Case 1: all three vectors are parallel. Then the three vectors are all scalar multiples of each other, so any linear combination of them is also a scalar multiple of each. Their span must then consist of the vectors along the line through the origin containing the three vectors.
Case 2: at least two of the vectors are not parallel, but all three lie on some plane. (If the vectors are in 2-space, this plane is the whole of 2-space.)
The two non-parallel vectors span the plane containing them. The third vector is in this plane as well, so it is a linear combination of the first two.
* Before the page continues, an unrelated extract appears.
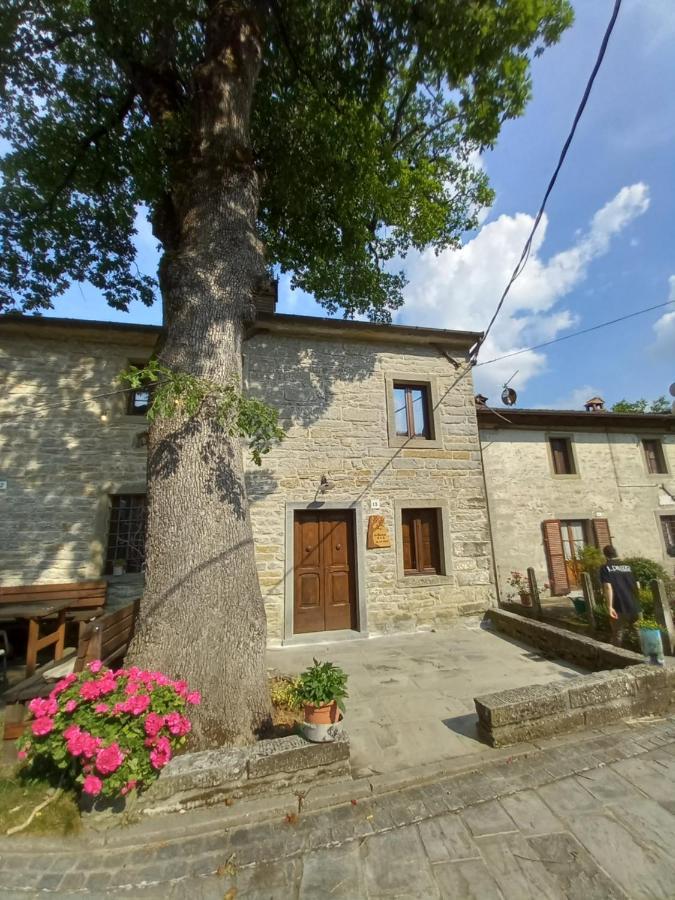 Apartamento Casina La Quercia Santa Sofia Exterior foto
Then any linear combination of all three vectors is also a linear combination of the first two, so the span of all three is the same as the span of the first two, i.e. it is the set of all vectors in the plane.
Case 3: no plane contains all three vectors. (So the vectors are all 3-space vectors.)
Recall how we expressed any vector in 2-space as a linear combination of two non-parallel vectors: by constructing a parallelogram with sides parallel to the two vectors.
In 3-space, with three vectors not all in the same plane, we can do something similar: given any generic vector in 3-space, we can construct the parallelepiped with edges parallel to the three given vectors and with the generic vector as diagonal. The parallelepiped determines three vectors parallel to the given vectors which sum to the generic vector. The span of these three vectors is thus all of 3-space.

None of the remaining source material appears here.